[Quant][PT2E][X86] annotate and convert for linear_dynamic_fp16 #141480

Xia-Weiwen · 2024-11-25T07:44:15Z

Stack from ghstack (oldest at bottom):

Annotate linear node for linear_dynamic_fp16 with X86InductorQuantizer
After convert_pt2e, the pattern will be

  x
  |
linear <- to_fp32 <- to_fp16 <- w

Test plan

pytest test/quantization/pt2e/test_x86inductor_quantizer.py -k test_linear_dynamic_fp16

cc @jgong5 @mingfeima @XiaobingSuper @sanchitintel @ashokei @jingxu10 @ezyang @SherlockNoMad @EikanWang @wenzhe-nrv

[ghstack-poisoned]

pytorch-bot · 2024-11-25T07:44:18Z

🔗 Helpful Links

🧪 See artifacts and rendered test results at hud.pytorch.org/pr/141480

📄 Preview Python docs built from this PR
📄 Preview C++ docs built from this PR
❓ Need help or want to give feedback on the CI? Visit the bot commands wiki or our office hours

Note: Links to docs will display an error until the docs builds have been completed.

✅ No Failures

As of commit 1c827ef with merge base 2398e75 ():
💚 Looks good so far!
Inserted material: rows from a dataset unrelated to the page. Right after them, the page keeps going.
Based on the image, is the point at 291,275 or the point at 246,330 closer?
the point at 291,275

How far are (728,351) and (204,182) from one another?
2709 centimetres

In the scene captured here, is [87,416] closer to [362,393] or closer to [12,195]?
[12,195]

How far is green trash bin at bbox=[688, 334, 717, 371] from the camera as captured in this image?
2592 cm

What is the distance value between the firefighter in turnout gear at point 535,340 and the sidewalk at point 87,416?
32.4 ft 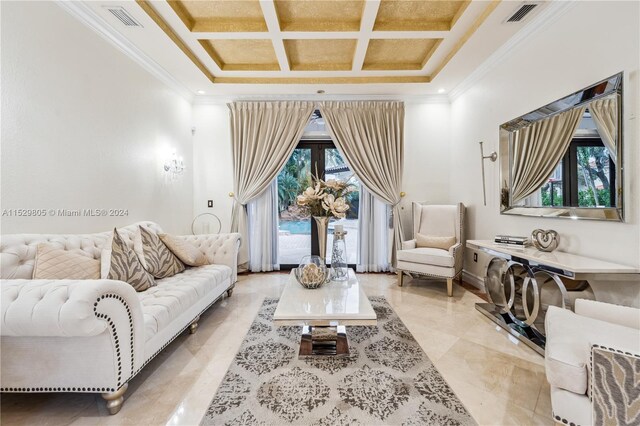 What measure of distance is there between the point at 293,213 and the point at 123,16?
312 centimetres

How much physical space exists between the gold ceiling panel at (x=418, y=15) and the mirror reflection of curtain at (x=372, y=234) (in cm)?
224

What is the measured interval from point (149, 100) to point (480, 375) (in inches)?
166

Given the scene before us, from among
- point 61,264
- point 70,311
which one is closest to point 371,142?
point 61,264

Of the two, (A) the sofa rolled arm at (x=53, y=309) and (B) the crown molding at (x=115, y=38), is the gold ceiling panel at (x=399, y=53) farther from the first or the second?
(A) the sofa rolled arm at (x=53, y=309)

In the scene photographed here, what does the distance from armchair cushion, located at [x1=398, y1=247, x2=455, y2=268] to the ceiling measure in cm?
234

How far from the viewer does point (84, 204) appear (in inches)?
96.0

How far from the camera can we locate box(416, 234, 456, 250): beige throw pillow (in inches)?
148

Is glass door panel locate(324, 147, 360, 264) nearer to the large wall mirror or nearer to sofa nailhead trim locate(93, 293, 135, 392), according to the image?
the large wall mirror

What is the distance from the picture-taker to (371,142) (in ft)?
14.5

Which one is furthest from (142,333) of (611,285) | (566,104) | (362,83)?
(362,83)

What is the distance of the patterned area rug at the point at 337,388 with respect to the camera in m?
1.52

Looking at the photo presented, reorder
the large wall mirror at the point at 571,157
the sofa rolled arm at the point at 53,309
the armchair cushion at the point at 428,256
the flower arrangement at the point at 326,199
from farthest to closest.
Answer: the armchair cushion at the point at 428,256 → the flower arrangement at the point at 326,199 → the large wall mirror at the point at 571,157 → the sofa rolled arm at the point at 53,309

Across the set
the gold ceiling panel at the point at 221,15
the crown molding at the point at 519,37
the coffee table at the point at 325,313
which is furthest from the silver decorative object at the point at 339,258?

There are no failures yet. 💚

This comment was automatically generated by Dr. CI and updates every 15 minutes.

[ghstack-poisoned]

ghstack-source-id: c71bf2a Pull Request resolved: #141480

[ghstack-poisoned]

torch/ao/quantization/quantizer/x86_inductor_quantizer.py

test/quantization/pt2e/test_x86inductor_quantizer.py

torch/ao/quantization/quantizer/x86_inductor_quantizer.py

leslie-fang-intel · 2024-11-26T12:12:17Z

torch/ao/quantization/fx/convert.py

            graph.erase_node(node)
    elif dtype == torch.float16:
-        raise NotImplementedError("decomposed to float16 op not implemented yet")
+        quantize_op = torch.ops.quantized_decomposed.quantize_per_tensor.default


It seems for dtype==torch.float16, torch.ops.quantized_decomposed.quantize_per_tensor.default has same semantic as to(dtype=torch.float16). Then why not just use to(dtype=torch.float16)?

Because to will be constant-folded and the pattern will be hard to match.
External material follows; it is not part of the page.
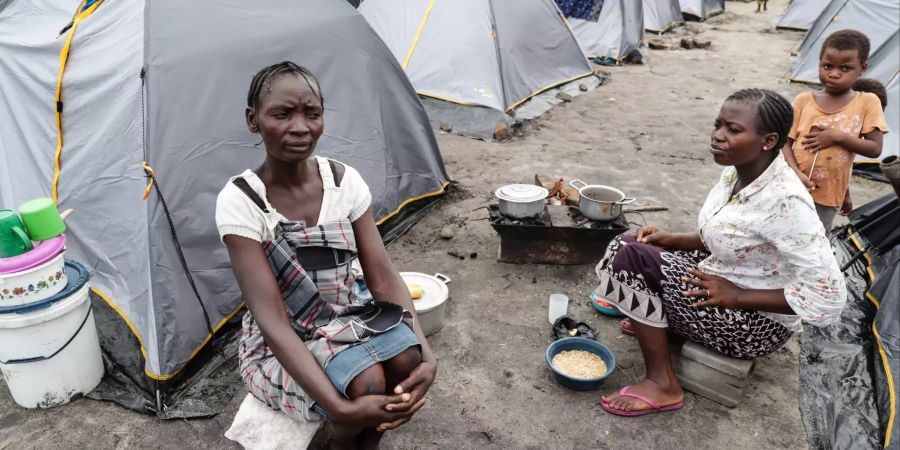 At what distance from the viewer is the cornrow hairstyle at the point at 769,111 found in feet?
7.41

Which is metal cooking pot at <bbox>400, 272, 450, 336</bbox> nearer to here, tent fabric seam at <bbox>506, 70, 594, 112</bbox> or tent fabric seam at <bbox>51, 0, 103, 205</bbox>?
tent fabric seam at <bbox>51, 0, 103, 205</bbox>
I also feel using to might be better, that way we won't have multiple ops doing the same thing, wondering what is needed to use to here

Unfortunately, to will be folded in Inductor. Here is the implementation with to:
https://github.com/pytorch/pytorch/blob/76ad4bb890b66098672e1f0349e83e28f2d6d85e/torch/ao/quantization/fx/convert.py#L345C1-L357C1
The patter I got in Inductor is x/w -> linear, no to is seen.
If we insert quant/dequant, we will see dequant op in Inductor, pattern: x / (w -> dequant) -> linear

I'm wondering if we can create a variant of: torch.ops.prims.convert_element_type.default

let's say torch.ops.prims.convert_element_type.no_fuse and add the op to this list

pytorch/torch/_inductor/constant_folding.py

Line 132 in fd553b9

torch.ops.quantized_decomposed.dequantize_per_channel.default,

so it's not fused by inductor?

@jerryzh168 Thanks for the suggestion. Do you know how to add a new variant?

should be the same as adding a new custom op:

pytorch/torch/ao/quantization/fx/_decomposed.py

Line 50 in ca9bfa1

@impl(quantized_decomposed_lib, "quantize_per_tensor", "CompositeExplicitAutograd")

I see. So we are actually adding a new op in the quantized_decomposed namespace?

yeah you can do that, I think ideally in torch.ops.prims but not sure the process there, I can check

Sure. I have updated the PR. Please take a look. Thanks.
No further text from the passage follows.